Buffy felt herself almost move forward to stop him, but she couldn’t get her feet to take the steps needed, and had to simply watch as William stood still, looking the way Sarah had disappeared. Spike was standing facing the younger him, observing his own expression, a deep frown on.

“Why did you do that?” he murmured.

Then Sarah came running back, her image going straight through the vampire’s before she threw her arms around William in a tight hug. She pulled back and kissed him tenderly on the mouth, granting him a glorious smile before she turned around and ran out again.

Buffy felt her jaw drop slightly, her heart beat stilling considerably at the privacy of such a moment.
William stood with his back to her, and in front of him stood Spike in the same fashion, both of them now intent on the exit which had swallowed Sarah.

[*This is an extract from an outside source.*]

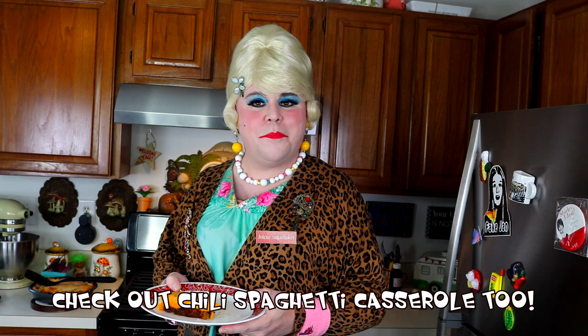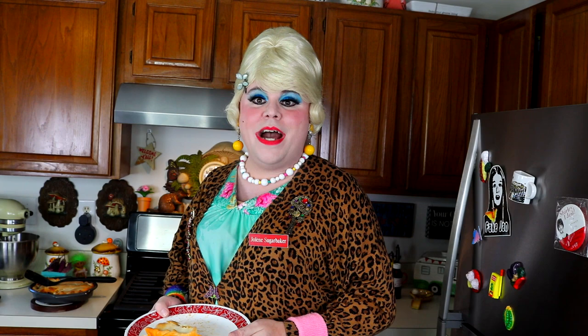My cheeseburger pot pie — I hope you get a chance to make it, and if you do, send me pictures at jolesugarbaker@gmail.com. Don't forget to follow me all over the place — I'm on Facebook and on my website trailerparkqueen.com. I've got some handmade items from me in the trailer park that you can get too. Hit that big old subscribe button and the notification bell. I'll be back soon sharing some more stories from the trailer park and some good food too. Live the trailer park way — I'm Jolene Sugarbaker, I love ya and I'll see you back soon. Bye bye!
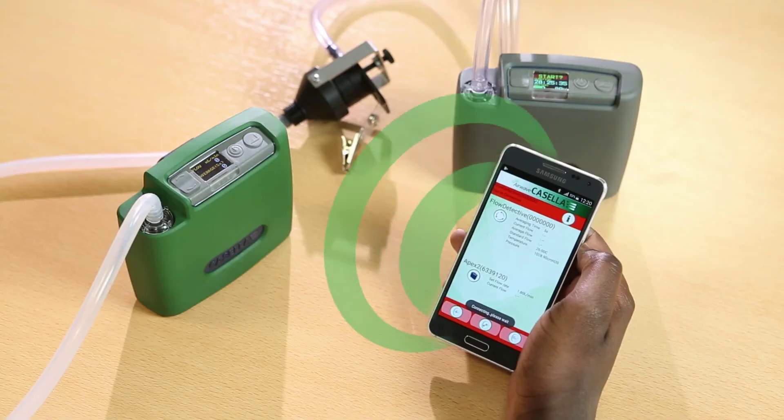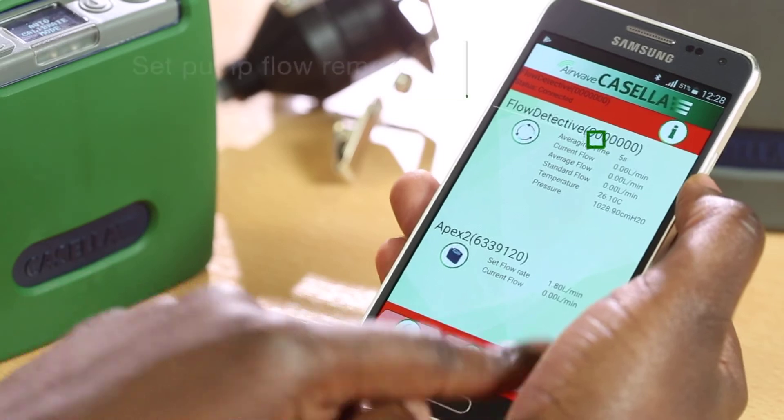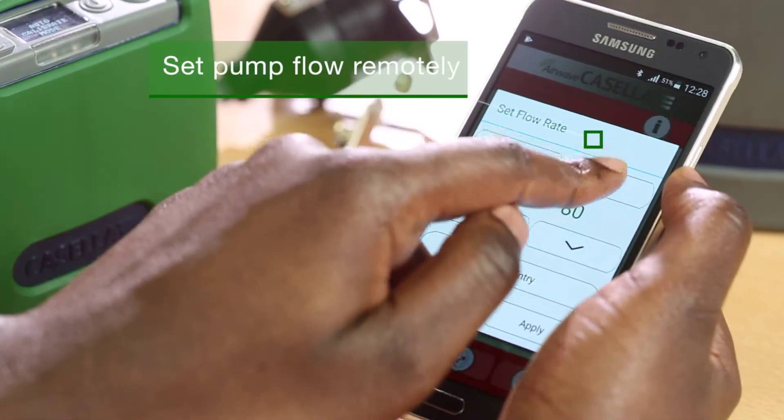This means nothing needs to be set on the Apex 2, again saving a lot of time in setting up your pumps.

“I never saw her again,” Spike’s voice rang through the stillness. “Not like this, anyway. I saw her from afar, but... They kept me away. Kept her away from me. Did a good job of it.” He grew quiet. “I lost her,” he then said, complete defeat in his voice.

She furrowed her brow.

Oh, please, she wanted to say. Oh, please!

But she didn’t. Something steadied her, held her back. Perhaps the shoulders of William, which were rigid. Perhaps the tears she simply knew were falling down his cheeks.

“Why did I do that?” Spike murmured softly.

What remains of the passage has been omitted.